Unlike most speechwriters, who tend to be segregated from policymaking, Gerson has always been an influential figure in the White House, in part because he shares Bush's belief in the power of faith--both men are evangelical Christians--and because he possesses a preternatural ability, his friends say, to anticipate Bush's thinking. There is a "mind meld" between the two men, Bush's counsellor Dan Bartlett told me, adding, "When you bring a West Texas approach to the heavy debates of the world, there has to be a translator, and Mike is the translator."

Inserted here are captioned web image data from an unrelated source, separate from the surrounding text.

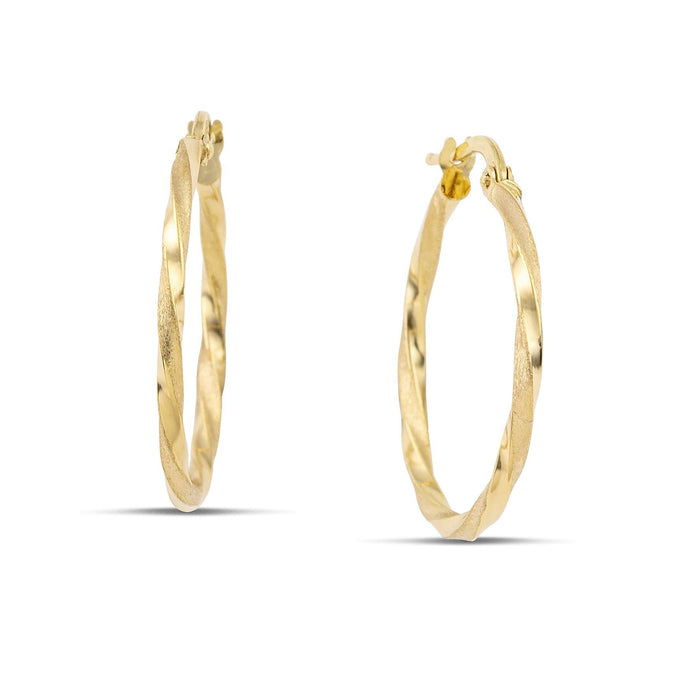 Σκουλαρίκια κρίκοι από χρυσό 14 καρατίων, στριφτοί με αμμοβολή.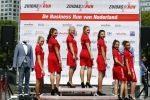 Amsterdam 12 mei 2016 
Tess Milne presenteert de business Run op de zuidas. De promotie dames zijn van Stella agency.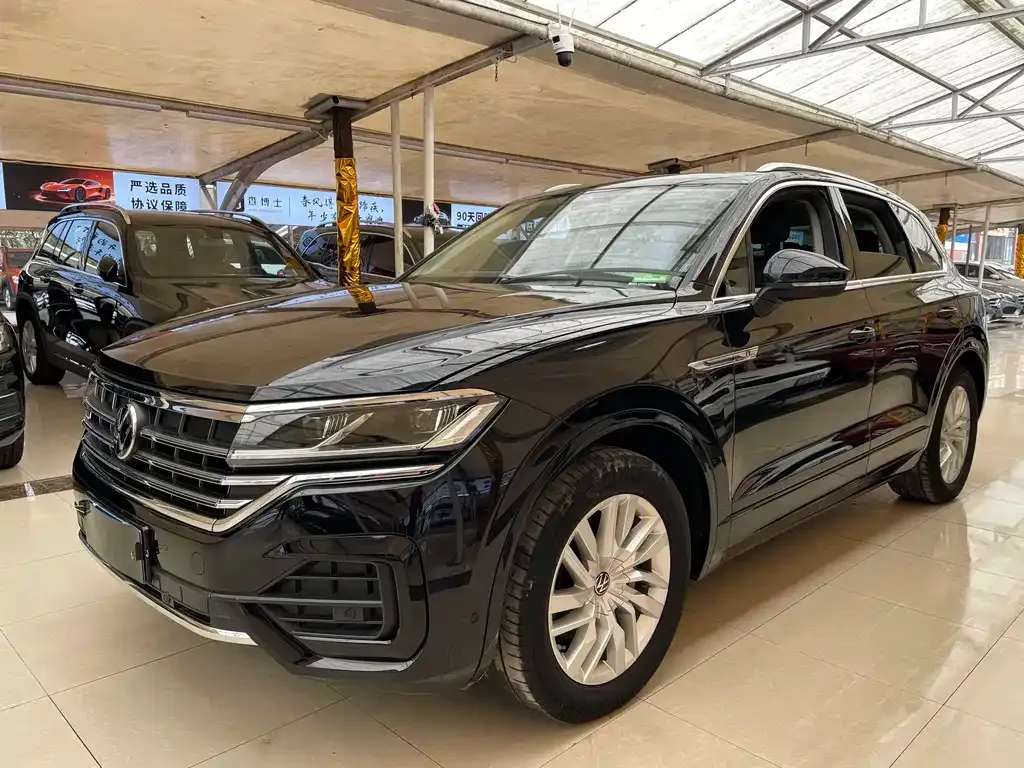 Volkswagen Touareg — фото 1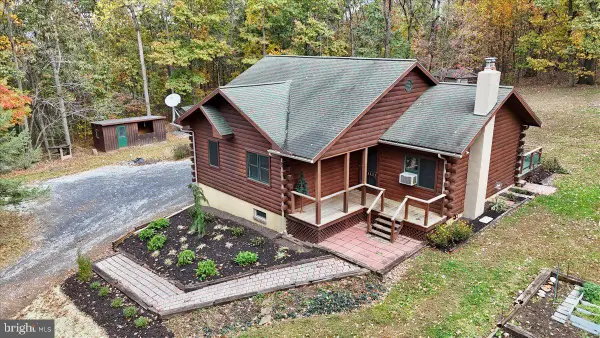187 Oak Ln, BERNVILLE, PA 19506
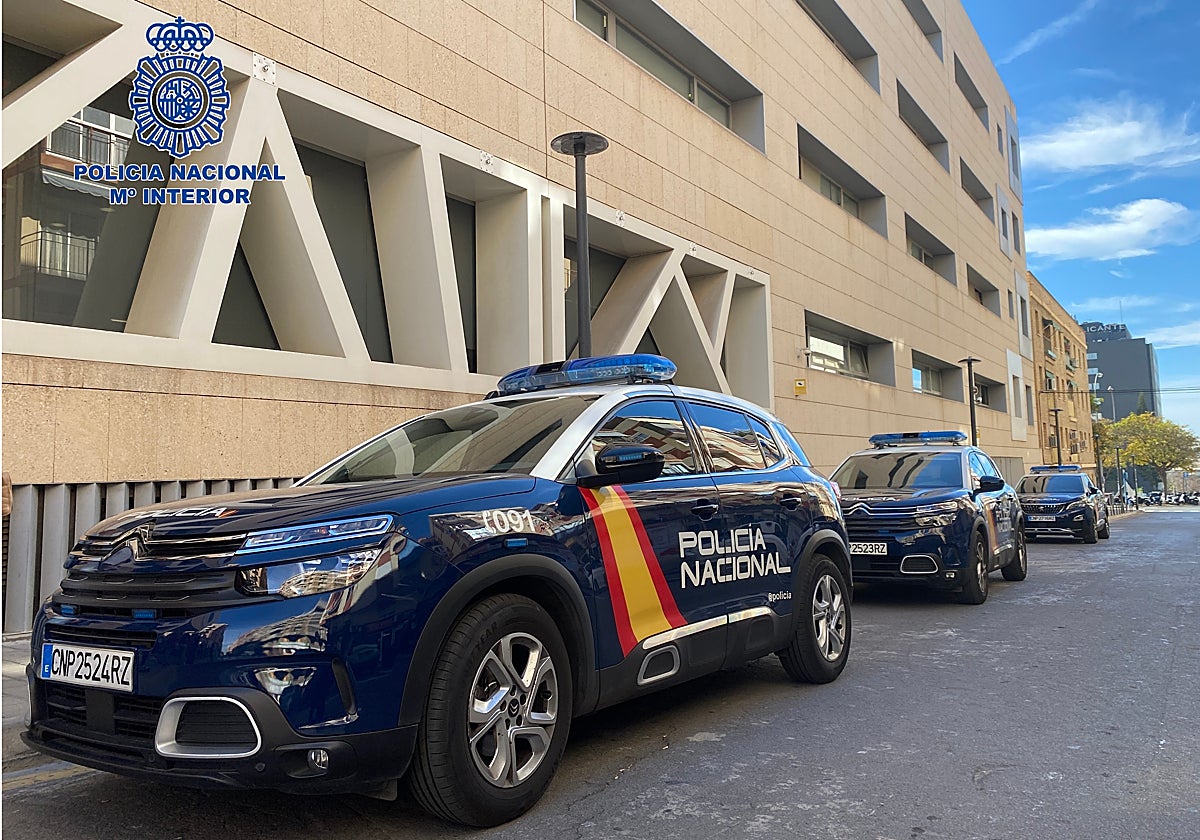 Coches patrulla de la Policía Nacional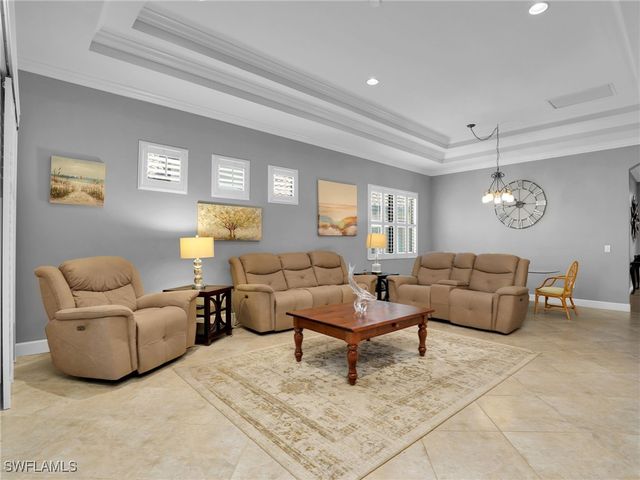 9483 Isla Bella CIR, Bonita Springs, FL 34135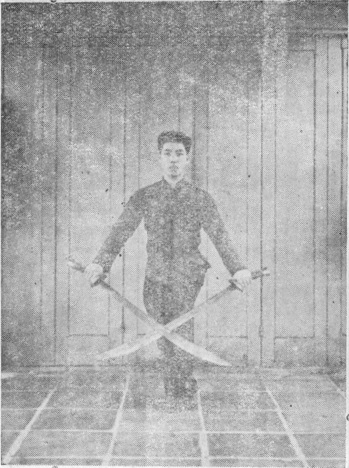 Posture 25, figure finale (planche 25c) : les sabres bloqués vers le bas en croix, le droit au-dessus, en pas de la montée à gauche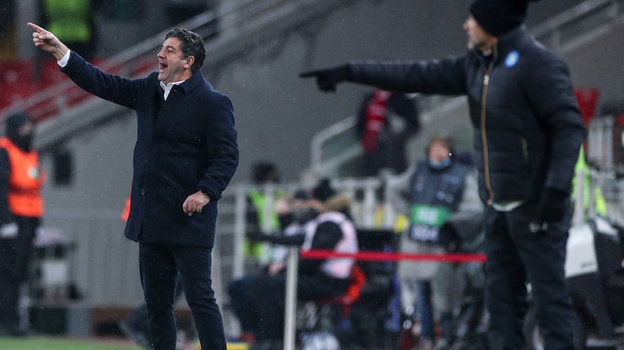 24 ноября. «Спартак» — «Наполи» — 2:1. Руй Витория и Лучано Спаллетти. Фото Дарья Исаева, «СЭ» / Canon EOS-1D X Mark II 24 ноября. «Спартак» — «Наполи» — 2:1. Руй Витория и Лучано Спаллетти. Фото Дарья Исаева, «СЭ» / Canon EOS-1D X Mark II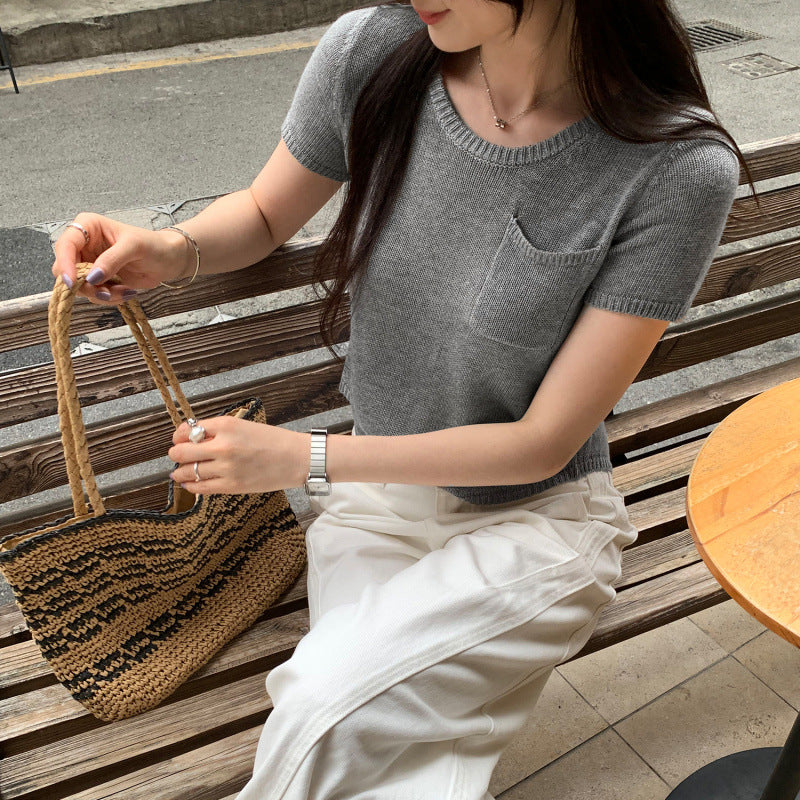 24.45 USD - Solid short-sleeve t-shirt with pocket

Gerson is known to his friends for his pre-ironic sensibility, and for his soft heart; I once saw him close to tears when he spoke about AIDS patients in Uganda. But he is also a capable operator. In 2002, a senior White House official told me, Gerson outflanked Dick Cheney, who didn't want Bush to declare unambiguously his support for a Palestinian state, as Gerson had urged him to do--and as Bush did, in a speech that Gerson wrote. Gerson is also unashamedly guileless in his search for heroes; when he came to Washington, in the late nineteen-eighties, he would sometimes park outside the home of George F. Will, hoping to catch a glimpse of the conservative columnist. And, even in the Bush White House, he is known for his piety. On display in his office is a book called "Standing in the Need of Prayer," photographs of African-Americans praying. He told the National Journal's Carl Cannon, last year, that the book "moved me no end." Cannon then noted, as if in wonderment, "Gerson really speaks this way."
At a Welliver dinner, the remarks of ex-speechwriters tend toward carefully calibrated irreverence; current speechwriters aren't expected to gripe or to disclose confidences. But at the 2002 event, Gerson spoke with immoderate earnestness. According to several people who attended, Safire asked Gerson to tell the group something it didn't know about Bush. Gerson, in a quavering voice, responded with a story that left some of his audience nonplussed. He described a call that he got moments after Bush finished addressing a joint session of Congress on September 20, 2001. Bush thanked Gerson for his work on the speech, to which Gerson replied, "Mr. President, this is why God wants you here." Gerson then related Bush's response, as evidence of his thoughtfulness. "The President said, 'No, this is why God wants us here.' "
An uncomfortable silence filled the room, and then one of Bill Clinton's speechwriters said, in a stage whisper, "God must really hate Al Gore."